Und Tiedemanns Gehirn selbst strafte dieses Dogma Lügen. Bei der Sezierung seines Gehirns nach seinem Tod stellte sich heraus, dass Tiedemanns Gehirn unterdurchschnittlich schwer war, also zu leicht. Wie konnte das sein? Nun – die Erfrischung und Gestaltung der Zukunft macht auch vor dem eigenen Geist nicht halt. Wir werden revidiert, überholt, häufig durch uns selbst. Tiedemann erst nach seinem Tod. Sein Gehirn bewies, Tiedmann lag falsch. Denn niemand wäre auf die Idee gekommen, Friedrich Tiedemann als einen blödsinnigen tumben Menschen zu bezeichnet, selbst wenn die Theorie Tiedemanns dies auch für Tiedemann selbst voraussagte. Dumm gelaufen!

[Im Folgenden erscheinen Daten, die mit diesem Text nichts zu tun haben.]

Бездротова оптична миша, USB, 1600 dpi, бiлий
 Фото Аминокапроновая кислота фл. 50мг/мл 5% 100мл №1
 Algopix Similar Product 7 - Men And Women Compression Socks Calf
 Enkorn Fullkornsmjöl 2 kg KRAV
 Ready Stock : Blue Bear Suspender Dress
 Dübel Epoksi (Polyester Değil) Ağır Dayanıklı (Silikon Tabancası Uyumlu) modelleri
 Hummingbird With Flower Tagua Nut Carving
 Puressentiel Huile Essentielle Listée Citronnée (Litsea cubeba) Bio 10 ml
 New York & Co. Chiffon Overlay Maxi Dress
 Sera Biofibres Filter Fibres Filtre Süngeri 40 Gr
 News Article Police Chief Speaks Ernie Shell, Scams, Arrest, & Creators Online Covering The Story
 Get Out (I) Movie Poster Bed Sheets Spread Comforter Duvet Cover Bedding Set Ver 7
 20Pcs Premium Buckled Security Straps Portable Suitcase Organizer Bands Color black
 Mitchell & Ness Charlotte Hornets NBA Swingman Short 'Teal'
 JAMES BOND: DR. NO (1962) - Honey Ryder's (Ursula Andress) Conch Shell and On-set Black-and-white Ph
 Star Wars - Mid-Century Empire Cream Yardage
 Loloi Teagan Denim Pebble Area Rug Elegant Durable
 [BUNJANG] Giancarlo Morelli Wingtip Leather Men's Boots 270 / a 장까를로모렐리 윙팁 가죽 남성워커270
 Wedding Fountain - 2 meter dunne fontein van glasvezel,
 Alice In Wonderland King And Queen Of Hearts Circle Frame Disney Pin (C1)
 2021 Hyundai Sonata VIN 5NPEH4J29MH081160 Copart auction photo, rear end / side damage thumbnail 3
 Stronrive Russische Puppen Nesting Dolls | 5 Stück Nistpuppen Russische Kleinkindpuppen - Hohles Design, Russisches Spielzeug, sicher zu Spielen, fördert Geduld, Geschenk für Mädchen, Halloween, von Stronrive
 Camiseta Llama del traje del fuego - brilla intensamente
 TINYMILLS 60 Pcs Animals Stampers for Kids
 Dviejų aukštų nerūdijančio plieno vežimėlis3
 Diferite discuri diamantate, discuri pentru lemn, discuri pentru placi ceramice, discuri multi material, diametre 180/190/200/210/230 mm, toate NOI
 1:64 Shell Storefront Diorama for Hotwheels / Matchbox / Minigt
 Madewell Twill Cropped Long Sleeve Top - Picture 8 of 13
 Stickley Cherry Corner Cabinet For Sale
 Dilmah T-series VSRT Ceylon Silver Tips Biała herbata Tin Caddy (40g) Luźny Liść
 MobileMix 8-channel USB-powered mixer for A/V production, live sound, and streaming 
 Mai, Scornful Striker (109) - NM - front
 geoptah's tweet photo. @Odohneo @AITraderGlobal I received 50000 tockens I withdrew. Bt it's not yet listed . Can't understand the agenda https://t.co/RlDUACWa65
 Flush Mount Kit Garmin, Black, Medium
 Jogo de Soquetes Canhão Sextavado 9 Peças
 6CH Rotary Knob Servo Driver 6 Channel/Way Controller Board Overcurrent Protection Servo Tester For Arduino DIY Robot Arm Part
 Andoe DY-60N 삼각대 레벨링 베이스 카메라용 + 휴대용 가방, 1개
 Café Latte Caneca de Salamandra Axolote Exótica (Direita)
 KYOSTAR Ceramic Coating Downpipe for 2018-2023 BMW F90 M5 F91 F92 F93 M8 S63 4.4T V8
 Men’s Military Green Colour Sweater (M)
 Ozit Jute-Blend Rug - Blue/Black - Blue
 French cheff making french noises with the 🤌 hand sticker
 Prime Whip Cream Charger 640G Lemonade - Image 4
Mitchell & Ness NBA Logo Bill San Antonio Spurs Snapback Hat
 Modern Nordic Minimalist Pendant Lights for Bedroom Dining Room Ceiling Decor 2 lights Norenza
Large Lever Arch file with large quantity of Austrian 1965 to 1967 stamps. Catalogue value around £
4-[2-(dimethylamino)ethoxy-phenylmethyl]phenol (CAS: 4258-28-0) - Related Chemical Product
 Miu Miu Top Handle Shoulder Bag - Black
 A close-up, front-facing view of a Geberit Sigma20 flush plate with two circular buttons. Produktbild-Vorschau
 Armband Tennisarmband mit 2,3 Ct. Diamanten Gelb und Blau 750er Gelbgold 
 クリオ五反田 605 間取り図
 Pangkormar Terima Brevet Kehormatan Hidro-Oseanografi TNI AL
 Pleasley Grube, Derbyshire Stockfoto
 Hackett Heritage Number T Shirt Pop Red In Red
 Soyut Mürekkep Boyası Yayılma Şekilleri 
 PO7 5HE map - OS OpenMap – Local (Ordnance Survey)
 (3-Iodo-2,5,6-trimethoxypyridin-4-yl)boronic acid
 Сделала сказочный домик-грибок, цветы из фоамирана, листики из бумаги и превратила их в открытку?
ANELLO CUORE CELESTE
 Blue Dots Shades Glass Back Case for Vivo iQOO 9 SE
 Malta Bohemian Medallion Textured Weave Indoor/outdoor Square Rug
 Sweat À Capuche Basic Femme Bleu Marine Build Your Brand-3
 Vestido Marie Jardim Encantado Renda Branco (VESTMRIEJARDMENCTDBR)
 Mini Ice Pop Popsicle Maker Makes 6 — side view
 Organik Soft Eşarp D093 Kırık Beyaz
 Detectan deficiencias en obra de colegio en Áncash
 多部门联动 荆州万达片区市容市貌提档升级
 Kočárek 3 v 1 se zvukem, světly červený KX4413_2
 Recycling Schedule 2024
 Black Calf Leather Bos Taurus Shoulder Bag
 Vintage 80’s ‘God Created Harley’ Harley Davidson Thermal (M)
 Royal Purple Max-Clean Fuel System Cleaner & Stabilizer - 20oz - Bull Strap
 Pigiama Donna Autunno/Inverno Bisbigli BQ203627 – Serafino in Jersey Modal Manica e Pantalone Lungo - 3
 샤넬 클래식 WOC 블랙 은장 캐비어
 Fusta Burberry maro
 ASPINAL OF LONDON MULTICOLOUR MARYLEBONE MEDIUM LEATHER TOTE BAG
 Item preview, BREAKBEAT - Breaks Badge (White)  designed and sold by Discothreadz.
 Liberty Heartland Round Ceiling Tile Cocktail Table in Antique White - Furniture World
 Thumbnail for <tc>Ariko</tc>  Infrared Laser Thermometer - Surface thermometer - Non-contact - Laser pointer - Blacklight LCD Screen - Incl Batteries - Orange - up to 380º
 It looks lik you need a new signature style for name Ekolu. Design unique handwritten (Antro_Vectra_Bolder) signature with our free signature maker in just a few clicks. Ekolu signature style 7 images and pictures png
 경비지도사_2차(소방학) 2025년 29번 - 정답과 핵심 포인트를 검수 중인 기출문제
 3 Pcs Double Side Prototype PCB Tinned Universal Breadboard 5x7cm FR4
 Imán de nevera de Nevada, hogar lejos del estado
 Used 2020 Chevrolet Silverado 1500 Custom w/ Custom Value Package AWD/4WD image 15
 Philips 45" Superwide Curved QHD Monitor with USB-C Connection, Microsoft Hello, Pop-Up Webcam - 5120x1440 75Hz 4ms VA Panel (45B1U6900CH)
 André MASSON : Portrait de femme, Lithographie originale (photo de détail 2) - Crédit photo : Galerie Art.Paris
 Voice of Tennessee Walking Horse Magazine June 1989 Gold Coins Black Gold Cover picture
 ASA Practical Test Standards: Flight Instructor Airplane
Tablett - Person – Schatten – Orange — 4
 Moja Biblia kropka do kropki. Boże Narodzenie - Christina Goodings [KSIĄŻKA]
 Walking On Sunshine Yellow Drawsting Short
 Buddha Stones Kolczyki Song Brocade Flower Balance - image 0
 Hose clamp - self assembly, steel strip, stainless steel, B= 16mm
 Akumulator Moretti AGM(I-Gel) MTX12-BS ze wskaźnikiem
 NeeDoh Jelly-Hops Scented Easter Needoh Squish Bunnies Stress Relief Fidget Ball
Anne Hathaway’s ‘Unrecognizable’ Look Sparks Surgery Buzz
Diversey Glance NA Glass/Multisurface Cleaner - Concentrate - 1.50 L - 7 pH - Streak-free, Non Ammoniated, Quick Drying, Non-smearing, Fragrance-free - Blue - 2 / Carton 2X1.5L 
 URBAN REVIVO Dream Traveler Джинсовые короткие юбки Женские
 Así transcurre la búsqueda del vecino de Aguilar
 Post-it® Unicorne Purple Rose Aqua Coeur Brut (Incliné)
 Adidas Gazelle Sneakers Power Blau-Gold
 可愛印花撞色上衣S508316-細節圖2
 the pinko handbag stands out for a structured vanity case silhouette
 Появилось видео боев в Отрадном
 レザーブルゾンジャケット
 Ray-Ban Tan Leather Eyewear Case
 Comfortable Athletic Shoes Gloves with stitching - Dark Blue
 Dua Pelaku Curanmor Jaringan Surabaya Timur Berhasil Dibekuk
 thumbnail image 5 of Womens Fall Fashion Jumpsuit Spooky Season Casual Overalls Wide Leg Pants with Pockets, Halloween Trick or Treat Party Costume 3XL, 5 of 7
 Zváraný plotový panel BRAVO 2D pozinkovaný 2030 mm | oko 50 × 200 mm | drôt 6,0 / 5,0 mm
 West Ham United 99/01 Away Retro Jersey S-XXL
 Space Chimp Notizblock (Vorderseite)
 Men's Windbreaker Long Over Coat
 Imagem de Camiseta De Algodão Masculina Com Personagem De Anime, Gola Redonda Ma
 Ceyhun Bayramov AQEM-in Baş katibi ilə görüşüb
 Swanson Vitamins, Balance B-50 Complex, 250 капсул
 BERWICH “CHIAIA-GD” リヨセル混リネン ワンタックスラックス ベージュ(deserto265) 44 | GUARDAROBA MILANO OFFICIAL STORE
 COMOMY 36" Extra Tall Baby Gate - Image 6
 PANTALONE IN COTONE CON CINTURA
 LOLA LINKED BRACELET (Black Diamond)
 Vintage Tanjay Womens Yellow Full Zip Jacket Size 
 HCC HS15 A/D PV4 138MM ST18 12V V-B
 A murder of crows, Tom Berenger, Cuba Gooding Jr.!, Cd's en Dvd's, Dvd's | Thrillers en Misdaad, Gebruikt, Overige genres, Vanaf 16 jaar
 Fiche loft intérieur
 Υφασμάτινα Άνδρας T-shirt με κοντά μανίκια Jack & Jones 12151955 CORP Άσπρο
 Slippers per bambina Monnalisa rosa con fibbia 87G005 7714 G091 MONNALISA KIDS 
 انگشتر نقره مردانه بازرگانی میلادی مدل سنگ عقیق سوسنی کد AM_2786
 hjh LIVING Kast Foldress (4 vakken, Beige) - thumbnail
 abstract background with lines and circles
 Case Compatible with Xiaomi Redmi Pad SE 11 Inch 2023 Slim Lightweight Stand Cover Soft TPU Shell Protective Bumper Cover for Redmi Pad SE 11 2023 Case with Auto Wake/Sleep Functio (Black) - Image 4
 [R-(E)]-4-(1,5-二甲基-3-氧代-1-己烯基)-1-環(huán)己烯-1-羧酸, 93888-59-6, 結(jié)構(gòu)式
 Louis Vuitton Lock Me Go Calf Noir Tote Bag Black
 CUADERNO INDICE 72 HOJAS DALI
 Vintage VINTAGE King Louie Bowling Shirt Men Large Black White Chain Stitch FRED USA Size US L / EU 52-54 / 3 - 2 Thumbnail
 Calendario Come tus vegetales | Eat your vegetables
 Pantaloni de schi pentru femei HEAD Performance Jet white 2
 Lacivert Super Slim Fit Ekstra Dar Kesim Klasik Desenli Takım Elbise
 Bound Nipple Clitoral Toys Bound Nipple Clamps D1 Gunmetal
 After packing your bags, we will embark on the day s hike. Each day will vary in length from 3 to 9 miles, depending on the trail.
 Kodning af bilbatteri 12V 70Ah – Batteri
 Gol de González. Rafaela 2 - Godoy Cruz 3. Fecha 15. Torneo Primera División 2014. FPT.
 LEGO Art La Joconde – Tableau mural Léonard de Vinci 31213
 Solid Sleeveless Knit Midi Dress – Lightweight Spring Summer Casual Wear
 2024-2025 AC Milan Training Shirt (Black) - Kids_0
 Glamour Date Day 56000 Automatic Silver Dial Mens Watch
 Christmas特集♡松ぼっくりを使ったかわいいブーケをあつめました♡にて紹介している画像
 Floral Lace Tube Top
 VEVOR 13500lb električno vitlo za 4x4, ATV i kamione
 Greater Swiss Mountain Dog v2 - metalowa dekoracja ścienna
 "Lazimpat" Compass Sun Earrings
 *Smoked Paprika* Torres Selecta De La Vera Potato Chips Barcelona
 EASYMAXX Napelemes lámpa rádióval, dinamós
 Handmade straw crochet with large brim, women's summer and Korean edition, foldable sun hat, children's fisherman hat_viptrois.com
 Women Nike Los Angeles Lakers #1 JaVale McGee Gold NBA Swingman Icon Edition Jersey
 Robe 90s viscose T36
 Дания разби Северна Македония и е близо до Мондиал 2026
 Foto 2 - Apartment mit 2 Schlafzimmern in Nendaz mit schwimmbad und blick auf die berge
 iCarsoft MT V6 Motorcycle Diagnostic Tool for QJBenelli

Die Ausgießung des Geistes heute an Pfingsten lässt sich halt nicht wiegen oder aufwiegen oder letztlich einbinden, wie ich das will. Vielmehr ist die Tat Gottes in Christus die zweite Schöpfung des Menschen als eigenes und selbständiges Wesen, der Welt und Gott gegenüber. In Christus wird die biologische Schöpfung zu einer geistlichen Schöpfung angefüllt. Diese wird “AUSGIESSUNG des Geistes” bezeichnet oder Pfingsten. Wir sind damit nicht auf uns selbst geworfen wie bei der Vertreibung als Geschöpfe aus dem Paradies, sondern in die Arme Gottes, der uns in die Welt mit seinem Geist senden will. Das ist Pfingsten. Letztlich nennen wir das “Wiedergeburt” als neue Geschöpfe Gottes. Also wir sind gerufen und dürfen antworten und handeln, jenseits der bisherigen Konventionen, Traditionen und Riten. Auf gehts. Amen

Diese Gnade und Freiheit sei mit uns allen. AMEN.